[Work to complete]
Reproduce only the lines from the one containing "Speech Bubble Cartoon Chameleon" through the end of the data, exactly as they stand.

(Dataset entries)
^^^^^^^^

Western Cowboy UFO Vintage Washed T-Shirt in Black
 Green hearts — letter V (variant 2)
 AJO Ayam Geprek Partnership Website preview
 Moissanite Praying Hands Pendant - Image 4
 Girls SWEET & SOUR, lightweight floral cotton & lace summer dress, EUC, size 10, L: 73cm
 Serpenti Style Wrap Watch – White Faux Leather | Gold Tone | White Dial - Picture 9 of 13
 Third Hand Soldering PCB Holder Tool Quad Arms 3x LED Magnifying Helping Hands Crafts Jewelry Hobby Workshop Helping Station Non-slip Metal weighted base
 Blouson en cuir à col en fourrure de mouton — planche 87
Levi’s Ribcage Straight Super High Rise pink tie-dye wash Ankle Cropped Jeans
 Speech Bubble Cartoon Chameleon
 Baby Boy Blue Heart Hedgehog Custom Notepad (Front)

^^^^^^^^

[Answer for this exercise]
 Speech Bubble Cartoon Chameleon
 Baby Boy Blue Heart Hedgehog Custom Notepad (Front)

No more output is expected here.